Budgeting and Forecasting – What’s the Difference?

When you plan for the future of your small business, you assign yourself two important tasks: budgeting your dollars and forecasting how your business will behave in the year ahead.

Preparing a complicated annual budget seems challenging until you realize that forecasting is even more complicated, because you have to account for the unknown. Both budgeting and forecasting force you to confront the months ahead, but you’ll need to tackle them with very different approaches in order to be successful.

Budgeting

In a budget, you itemize all all your revenues and all your costs. This allows you to allocate your spending wisely, whether on marketing, supplies, or hiring. Having a budget can help you better manage your cash flow. It can also help you make financing decisions, by pointing to the holes in your budget and where a loan might make sense along with identifying the revenues that can be used to pay the lender back.

To make a budget, look at revenues and expenses from the year prior, and adjust numbers so they’re realistic for the period ahead. (If you’re a new business, see if you can find a model that’s similar to what you’re doing.) Identify the income you expect to make from sales, contracts, interest, and accounts receivable as well as all the cash you know you’ll have to lay out for payroll, marketing, overhead costs like rent, and equipment upgrades.

Remember, your budget is real: you can’t spend more than you have, and if you don’t make the revenues listed in your budget, you will be in a pinch. Be thorough and accurate.

Forecasting

A forecast, on the other hand, is a projection of the future that takes into account both known expenses and revenues and unknowable internal and external factors, like the market or industry trends.
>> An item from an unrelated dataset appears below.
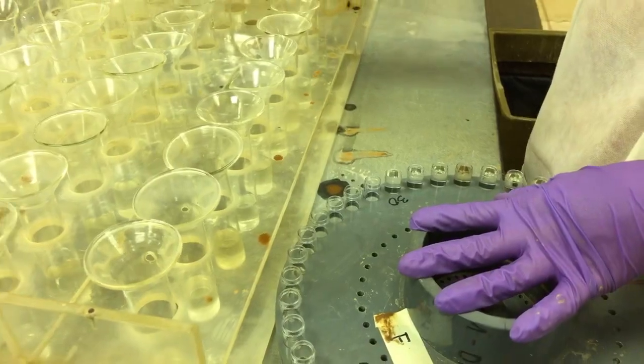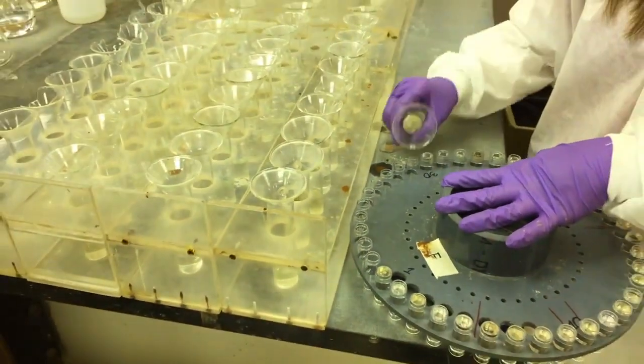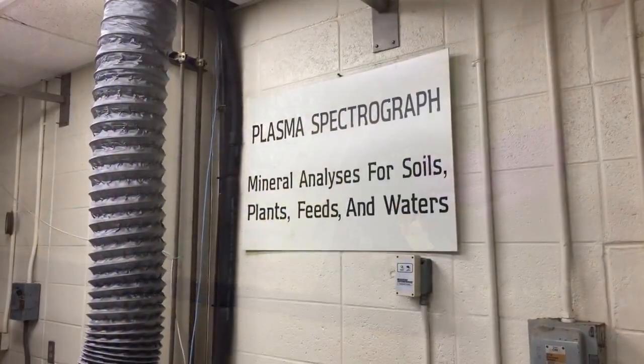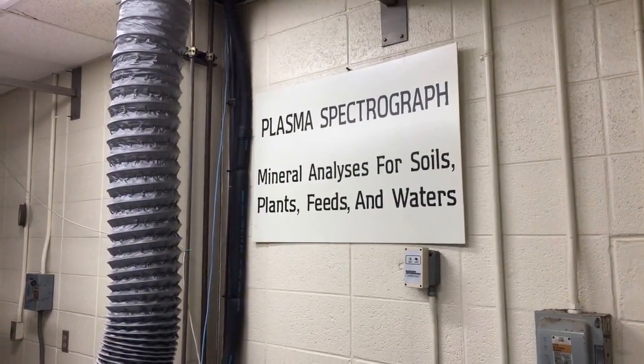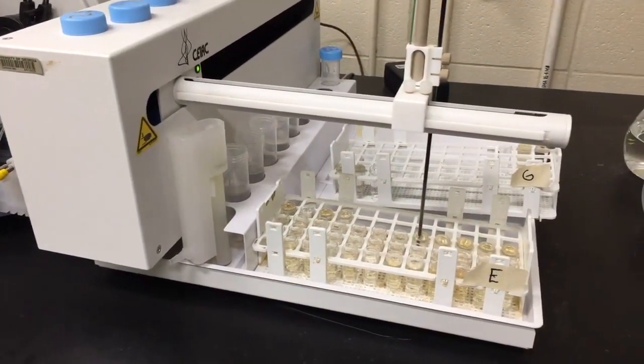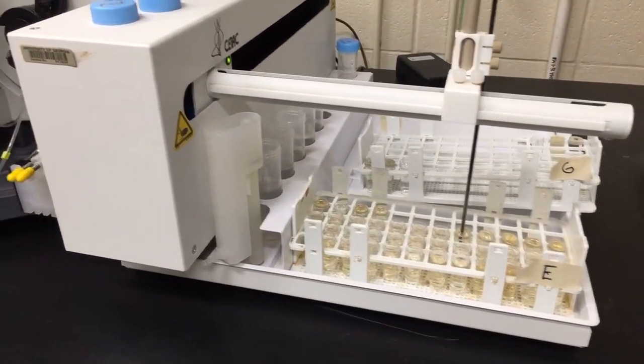Now the mineral samples have been filtered and are poured into small tubes for the final stage of testing. The plasma spectrograph is the machine that measures mineral content. The results immediately appear on a report in the lab's computer system and are sent out that day by email to the clients.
Whereas a budget may be as simple as opening up a spreadsheet or entering numbers into software, forecasting is more difficult. Useful projections are a combination of both business data and gut-level intuition. Like a budget, your forecast considers revenue coming in and expenses going out, from sales to taxes and administrative costs. The difference is, your forecast involves your expertise and experience in addition to your numbers. A forecast will translate plans, pitfalls, and goals into a solid working document that can inform business strategy.

How to Forecast

As a small business owner, you can make better and better forecasts. Here’s how to get started.

  • Collect historical data. The past can’t exactly predict the future. But if you organize and analyze numbers from the last several years, you should be able to get an idea of what to expect from your business in the upcoming period.
  • Don’t ignore your intuition. You know your business, your industry, your customers, and your employees. Think hard about your experience from years prior and try to remember how customers, for example, reacted to a product, policy, or season in the past. Use your experience to give context to the data. Remember that not all important information can be condensed into numbers.
  • See double—or triple. You don’t need to make just one official forecast. Pinpoint events that could render your year subpar, normal, or remarkably good, and draw a custom forecast for each prospect. This will help you deal with revenues that are lower than you hoped. This practice can also help avoid surprises if business is far better than expected and you need to ramp up purchasing or hiring.
  • Account for randomness. This sounds like a contradiction in terms! How can you calculate an event you can’t predict? First, look at chance happenings from the past. You probably won’t repeat the same triumph or defeat, but you might experience something on the same scale.
  • Be idealistic, then pragmatic. Forecast the best-case scenario for your business. Then work backwards to see how you’ll work to get there. If the practical steps don’t add up to the optimistic outcome, scale the forecast down and try again.

Improving Your Forecasts

In the beginning, you may feel like you are pulling numbers for your forecast out of thin air. Sure, your guesses are educated, but they still feel like guesses.  

With forecasts, there is a silver lining to all that uncertainty: you can revise your projections as often as is useful. While an erroneous budget may lead to a real cash crunch, a wide-of-the-mark forecast simply gives you the opportunity to step back and think about where you went wrong. Were you too optimistic? In the beginning, your estimates may very well be sunnier than reality. Did an unexpected event alter the path forward If an older forecast becomes obsolete, don’t stick to it, even if it seems time-consuming to work on a new one. The revised forecast will be more relevant—and give you a chance to strengthen your forecast-making muscles.
This year, make sure you set aside time to forecast in addition to budget. Don’t be discouraged if your forecasts are inaccurate at first. Forecasting takes a lot of practice, and your preliminary estimates will likely be off. But the more often you forecast and take the time to compare what actually happened to what you predicted, the better you will be at sensing what the future holds for your business and preparing for it.